By 1996, Dando had sorted himself out sufficiently to make the album Car Button Cloth, although the songs "Break Me" and "Losing Your Mind" revealed a man still at odds with the world and himself. The following year, in the middle of a performance at the Reading Festival, he announced that it was the Lemonheads' final gig. Dando and his wife now live in Manhattan, just two blocks south of where the World Trade Centre stood. "Everyone left, but we stayed. It was horrible for a while, but we got a grant and a free vacuum cleaner."

There are times, he says, when he has come close to giving up on music altogether. He cites the suicide in 1997 of his friend Epic Soundtrack, from the band the Swell Maps, as an all-time low. Now he's optimistic about his work and the future. "I don't plan on quitting, ever," he says. "I want to play until I'm bedridden, and maybe even after. I could do an hour's concert a night on the internet from my bed when I'm 112."

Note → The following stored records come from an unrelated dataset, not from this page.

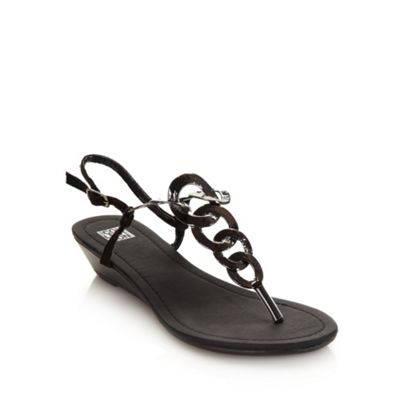 Gunmetal metallic chain low sandals                                                                                             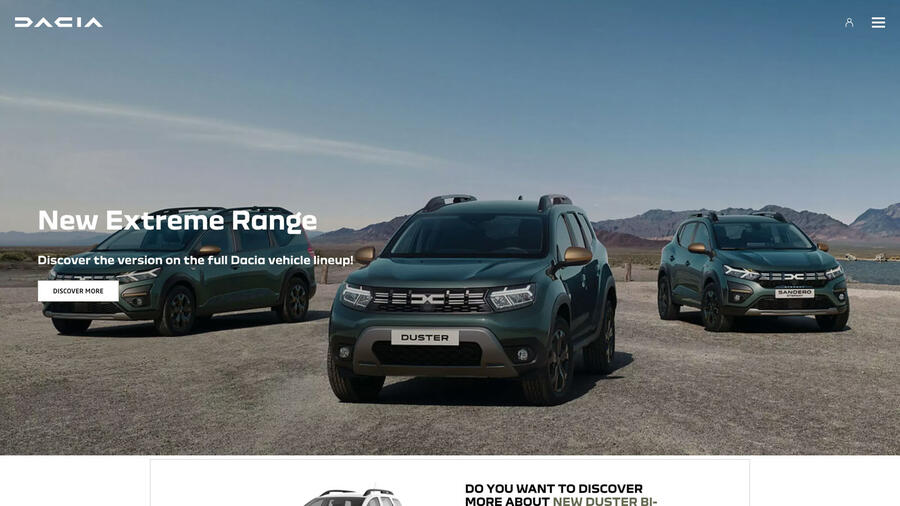 Dacia uk website homepage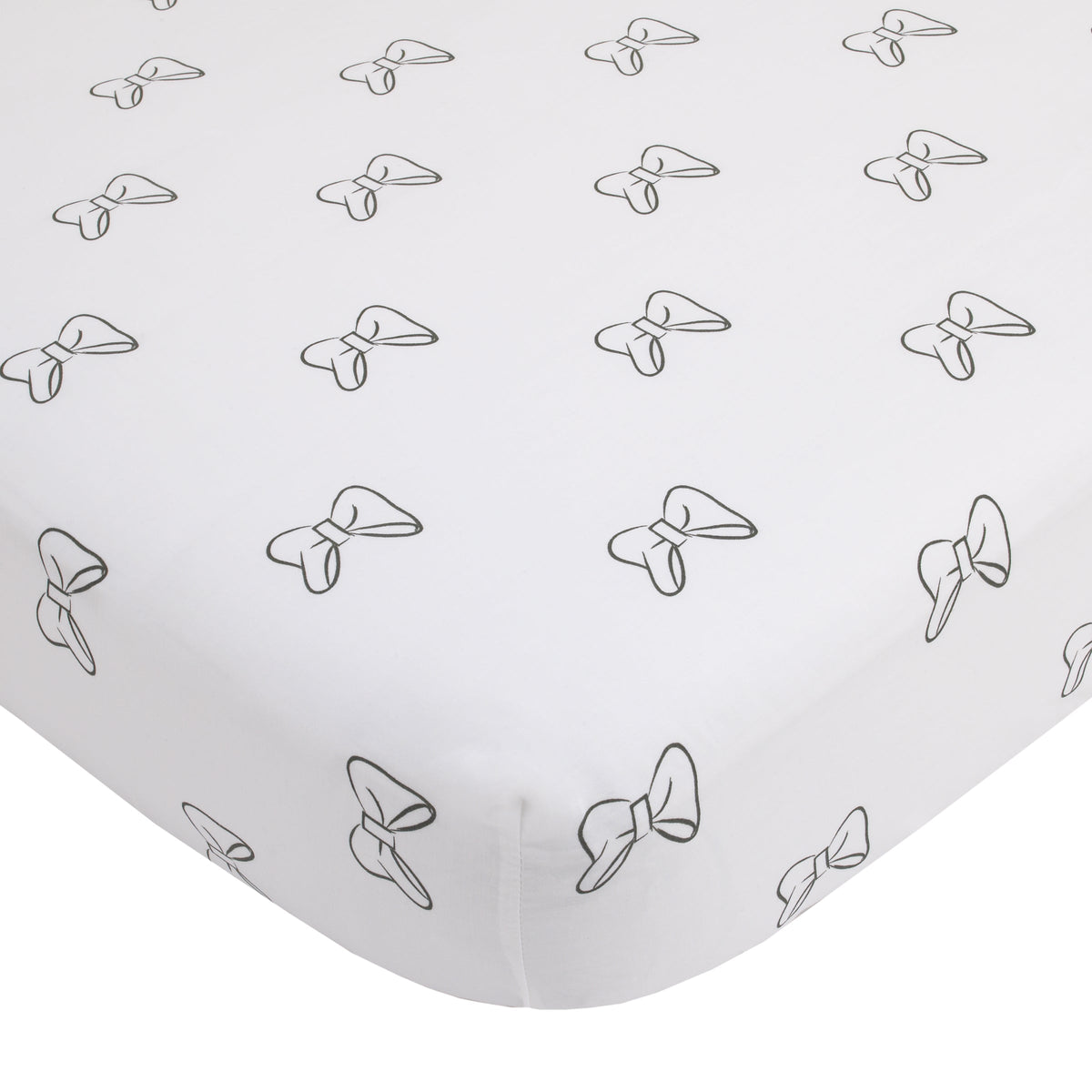 Crib fitted sheet with light grey background and Minnie Mouse bow pattern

Sounding dangerously like a business motivation coach, he talks about giving his career "110 per cent". "I have to make sure it works," he says, excitedly. "I care so much about music these days, so much more than before when I was a crack addict. But now that I've stopped drinking and doing hard drugs, I feel like I have a responsibility to my audience. Even more than that, I have a responsibility to myself."